■ **Provided data**
========================================

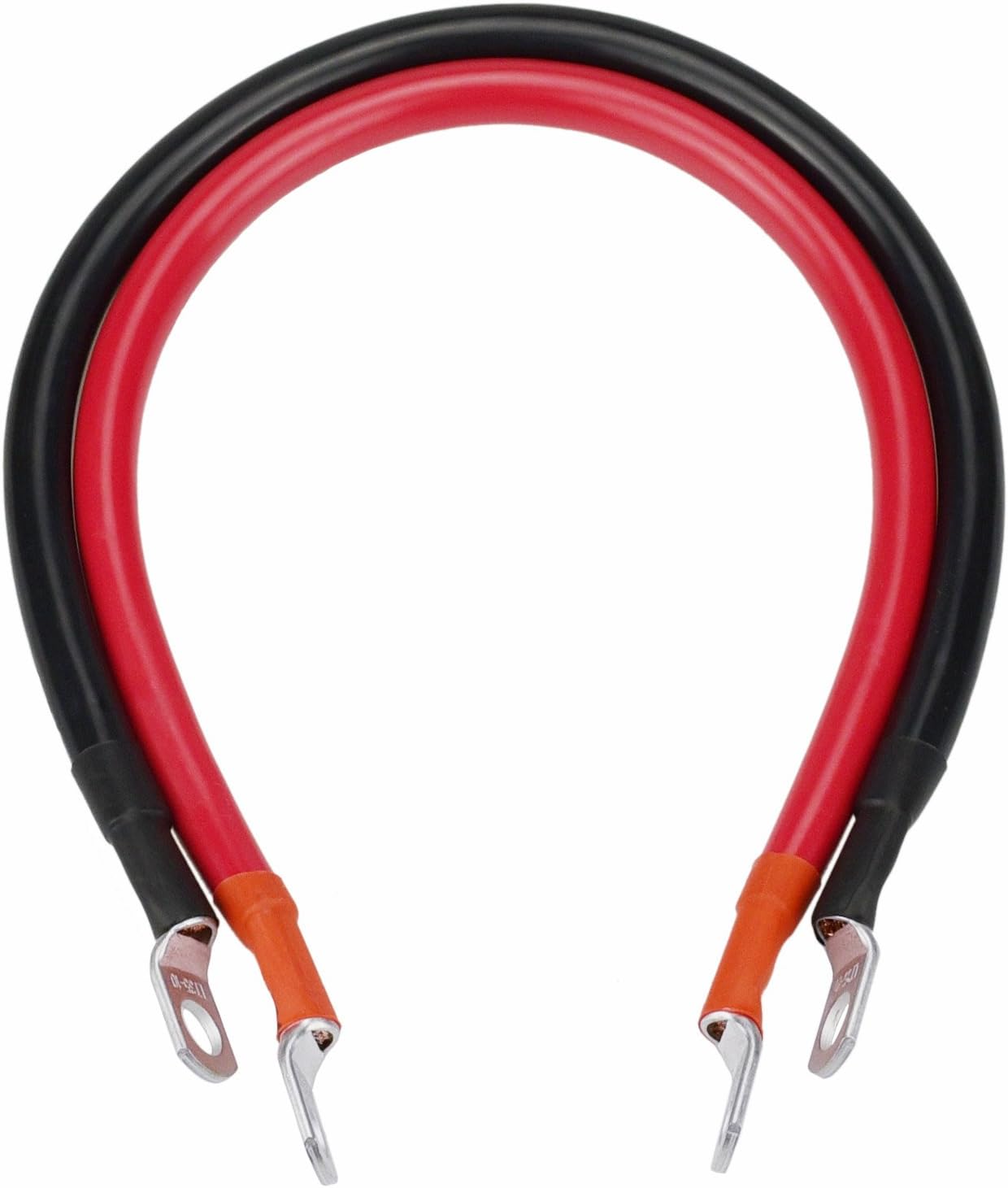 thumbnail interactive-video image 1 of 2 Pack IMountek 2 AWG Pure Copper Battery Cables - Multiple Lengths For Car, Solar, RV & Inverter (Red/Black) 1 of 2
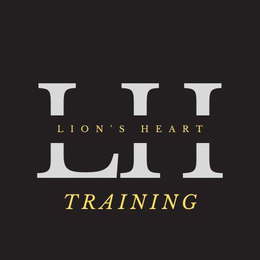 LH LION'S HEART TRAINING logo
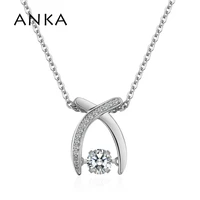 anka fashion fish pendant necklace with aaa cubic zirconia projection necklace for love gift womens jewelry 133939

========================================

Only the pictures are to be left out; the rest of the material above should be printed verbatim.

 thumbnail interactive-video image 1 of 2 Pack IMountek 2 AWG Pure Copper Battery Cables - Multiple Lengths For Car, Solar, RV & Inverter (Red/Black) 1 of 2
 LH LION'S HEART TRAINING logo
 anka fashion fish pendant necklace with aaa cubic zirconia projection necklace for love gift womens jewelry 133939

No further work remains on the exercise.